Hep ağlamak olmaz ya, seni güldüreyim. A oğlum, sadece sen rüya görmüyorsun ya! Biz de rüya görüyoruz. Elhamdülillah ki, Cenâb-ı Hakk, bildikleriyle amel edenlere bilmesi lâzım gelenleri öğretiveriyor. Âlem-i manâda sen fakiri gördüğün gibi bizlere de seni gösteriyorlar. Lâkin sana bu rüyaları anlatmayacağım. İbret nazarıyla bakman için bir başka manâ anlatacağım. Hem sualine cevap hem maksat hâsıl olsun.

Manâmda fakirin eski dervişlerinden biri zuhur ediyor. Güzel bir mekânda buluşuyoruz. Ben onu gördüğümde neşeyle karşılıyorum, lâkin o biraz dertli, benim verdiğim selâmı dahi duymadan ve “Aleyküm selâm!” demeden, dedi ki: “Efendi şeyhim, sultanım, bizler senden muhabbet haberlerini alamıyoruz. Bazı kimselerden muhabbet müjdelerinizi, manâda görüşmelerinizi veyahut haberleşmelerini duyuyoruz. Ama bizde böyle hâller olmuyor. Hatta huzurunuzda sohbete eriştiğimizde bize iltifat da buyurmuyorsunuz. Yakınlaşmak istediğimiz hâlde etrafımızdaki yakînler gibi olamıyoruz. Sebebi nedir?” Fakîr de ona cevaben diyorum ki: “Evlâdım, mürşidler hava gibidir. Herkes kendi miktarınca onu teneffüs eder. Sen hiç havanın bir kimseye yakın, diğer bir kimseye uzak olduğunu düşünebilir misin? Ciğerlerin müsaade ettiği kadarını içine çekersin. Göğsün tıkalı, nefes darlığın varsa bunun eksikliğini havada aramazsın, ciğerinde ararsın. Hem sonra biz bir kandil gibiyiz. O kandile yaklaştıkça kendin nurlanırsın, uzaklaştıkça kendin zulmette kalır, aydınlanamazsın. Sen kendin bize yakınlaşmayı talep et ve şeyhin hakkında ‘Şeyhim en çok beni sever.’ diye kalbinde hüsn-i zan et, bu güzel düşünceni başka bir kimseye de söyleme. Sonra bakarsın ki sen de rahat teneffüs ediyorsun, sen de aydınlanıyorsun ve şeyhine hâlen yakınlaşıyorsun.”

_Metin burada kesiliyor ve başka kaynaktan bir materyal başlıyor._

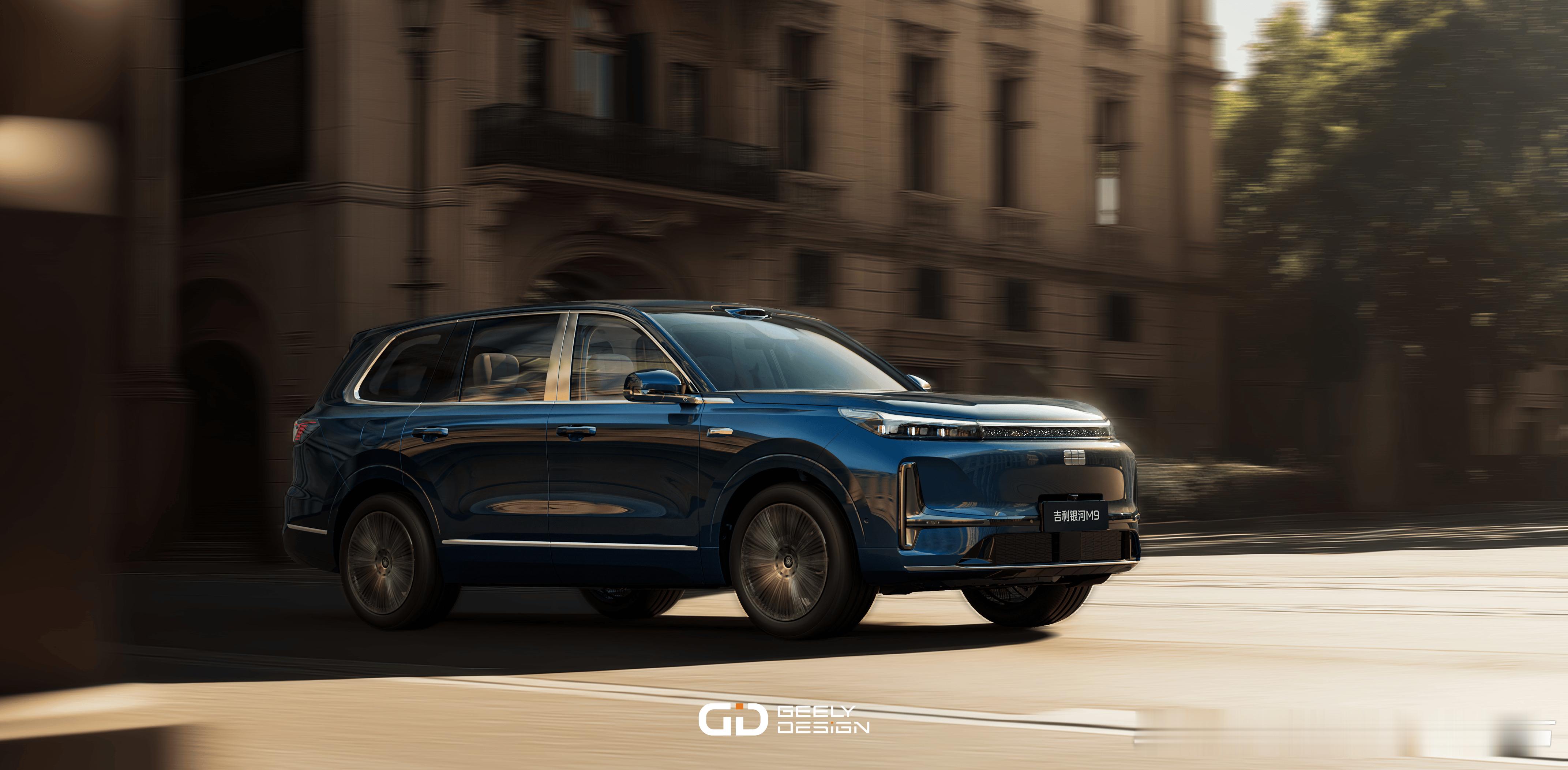 全球首拆！18000公里亚欧长测后，底盘无损、电池如新，吉利银河M9用硬核实力，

İşte böyle… Allahu a‘lem, bu rüyanın tâbire ihtiyacı yok. Meşhur bir misaldir; bir kişi manâda “Rabbin kim?” diye suale maruz kalsa, o kişi de “Rabbim Allah’tır.” dese soran kim, söyleyen kim? Bir de gören var. Ya gösteren? İşte manâ böyle acayip bir hâldir.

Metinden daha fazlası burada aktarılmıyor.